「仲良くできそうで何よりです」

「「どこが!!?」」

「はは。そういえば朱ちゃん、今日はお夕飯こっちで食べるんですよね?」

「はい。母の帰りが遅いらしいので」

私は今母と二人暮らしだ。父は単身赴任で北海道。

母も父も「見える」人間なので私のことはわかってくれる。

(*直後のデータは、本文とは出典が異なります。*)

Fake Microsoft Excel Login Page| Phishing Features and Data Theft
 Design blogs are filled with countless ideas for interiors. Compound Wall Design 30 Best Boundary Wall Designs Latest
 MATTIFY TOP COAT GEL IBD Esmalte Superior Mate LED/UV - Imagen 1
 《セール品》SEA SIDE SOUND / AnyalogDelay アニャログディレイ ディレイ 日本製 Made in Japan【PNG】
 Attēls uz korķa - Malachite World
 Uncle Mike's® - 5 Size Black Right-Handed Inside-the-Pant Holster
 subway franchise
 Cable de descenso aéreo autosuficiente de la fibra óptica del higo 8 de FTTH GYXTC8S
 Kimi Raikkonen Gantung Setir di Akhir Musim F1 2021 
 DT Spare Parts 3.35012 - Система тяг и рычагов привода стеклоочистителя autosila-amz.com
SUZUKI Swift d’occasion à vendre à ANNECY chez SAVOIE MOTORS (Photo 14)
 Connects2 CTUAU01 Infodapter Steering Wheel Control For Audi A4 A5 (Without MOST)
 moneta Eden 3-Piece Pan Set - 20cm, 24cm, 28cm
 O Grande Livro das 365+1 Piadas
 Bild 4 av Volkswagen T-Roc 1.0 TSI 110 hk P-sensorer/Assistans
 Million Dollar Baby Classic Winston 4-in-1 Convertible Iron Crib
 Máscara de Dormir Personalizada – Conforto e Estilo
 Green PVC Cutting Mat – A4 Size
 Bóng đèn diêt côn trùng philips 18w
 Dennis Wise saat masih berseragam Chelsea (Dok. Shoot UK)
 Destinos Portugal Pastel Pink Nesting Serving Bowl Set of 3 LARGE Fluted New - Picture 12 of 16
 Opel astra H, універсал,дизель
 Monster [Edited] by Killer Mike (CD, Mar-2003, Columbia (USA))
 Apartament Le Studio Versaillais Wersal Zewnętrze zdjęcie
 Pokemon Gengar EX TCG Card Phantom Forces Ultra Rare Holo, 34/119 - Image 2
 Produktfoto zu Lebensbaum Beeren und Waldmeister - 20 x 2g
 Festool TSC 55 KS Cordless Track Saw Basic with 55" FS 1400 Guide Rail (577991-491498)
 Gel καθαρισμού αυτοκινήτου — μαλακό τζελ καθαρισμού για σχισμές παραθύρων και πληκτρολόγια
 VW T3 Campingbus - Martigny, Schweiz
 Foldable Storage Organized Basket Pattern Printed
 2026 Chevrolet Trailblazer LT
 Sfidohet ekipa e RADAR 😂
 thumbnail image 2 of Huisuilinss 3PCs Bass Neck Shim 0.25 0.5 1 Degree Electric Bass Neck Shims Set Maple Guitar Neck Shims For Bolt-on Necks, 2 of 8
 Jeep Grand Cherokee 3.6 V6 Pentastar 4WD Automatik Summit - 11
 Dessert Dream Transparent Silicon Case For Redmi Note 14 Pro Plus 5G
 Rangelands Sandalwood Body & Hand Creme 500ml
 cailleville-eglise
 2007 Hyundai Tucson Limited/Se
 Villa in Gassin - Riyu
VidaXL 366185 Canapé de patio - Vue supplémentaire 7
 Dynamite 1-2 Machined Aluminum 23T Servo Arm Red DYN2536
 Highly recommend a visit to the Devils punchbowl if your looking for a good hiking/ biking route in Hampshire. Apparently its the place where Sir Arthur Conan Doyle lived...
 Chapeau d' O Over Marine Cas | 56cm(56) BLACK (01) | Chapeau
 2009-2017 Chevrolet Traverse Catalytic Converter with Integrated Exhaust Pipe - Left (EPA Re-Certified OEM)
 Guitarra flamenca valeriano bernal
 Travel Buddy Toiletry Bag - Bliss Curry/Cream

だから日が沈んだ後、一人で出歩くことは極力避けるようきつく言われているのだ。

冬場はどうしても学校が終わった後だと日が沈んでしまう。さっきのように追われるのだ。昼間でも追われるが、日が沈んだ後のほうが追われる数は断然多い。

「今日はからあげですよ」

「ありがとう。蒼さん」

「いえいえ、困ったときはお互い様ですよ」

「今度お菓子買ってきますねー」

「和菓子でお願いします。みんなで一緒に食べましょう」

優しくほほ笑む蒼さん。

そして、それとは対照的にむすっとする熾音くん。

「なに?」

「いや、なんでもない」


むすっとしているというよりは真剣な面持ち、というべきか?

熾音くんはしばらく私をずっと見ていた。


私、なにかした?! 身長は馬鹿にしたけど!! いいじゃん、ちっちゃいのかわいいじゃん!!